The story of Robert Zemeckis’s latest iteration of this classic sticks to the old, familiar story with few changes—and that’s perhaps the biggest disappointment of all. Adaptations offer avenues for reinvention and reimagination, and yet, Zemeckis passes on the opportunity. Sadly, the makers are content with playing things safe in a bid to replicate the charms of the 1940 original animated musical fantasy of the same name.

Problems range from lackadaisical pacing to a lack of novelty. There are plenty of Disney references in this film, but unlike clever nods from former films, Pinocchio opts for the easy way by attributing each wooden cuckoo clock adorning the house of Geppetto (Tom Hanks), to a Disney film theme.
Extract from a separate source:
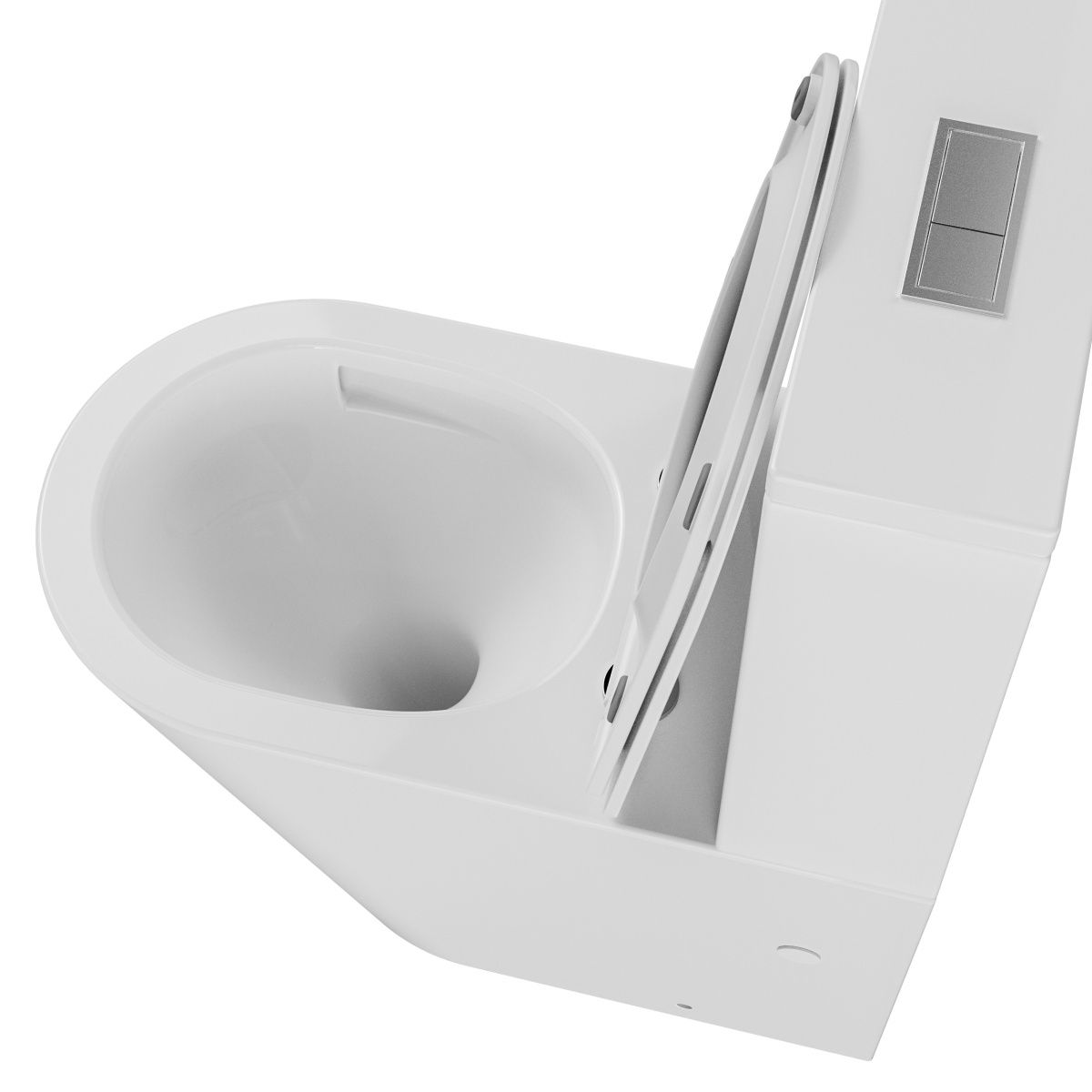 Унитаз напольный Grossman Tornado, GR-4458SQ — изображение 5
So, you see references to Toy Story, Donald Duck, Dumbo, Lion King… you name it.

The film follows in the long list of Disney’s recent tryst with live-action adaptations of previous hit animated films, including Aladdin (2019), The Lion King (2019), Lady and the Tramp (2019) and Mulan (2020). None of them succeeded in working the old Disney magic, and yet, Pinocchio hits new lows by being as soulless and wooden as the toy at the heart of it all.

The only positive, perhaps, is the voice-acting by Joseph Gordon-Levitt as the wisecracking anthropomorphic Jiminy Cricket. As the film’s narrator, Jiminy delivers some funny lines that keep you invested, including calling ‘hell’, “H, E, and double hockey sticks!” Also, the film, despite having a mix of real-life and animated characters, feels impressively realistic, thanks to some admirable VFX work, which comes as no surprise, given that the film is made by the director of Who Framed Roger Rabbit. Speaking of Zemeckis, rather curiously, his collaborations with Hanks have either been cult classics like Forrest Gump and Cast Away or middling films like Finch and The Polar Express. Pinocchio, unfortunately, is another addition to the latter.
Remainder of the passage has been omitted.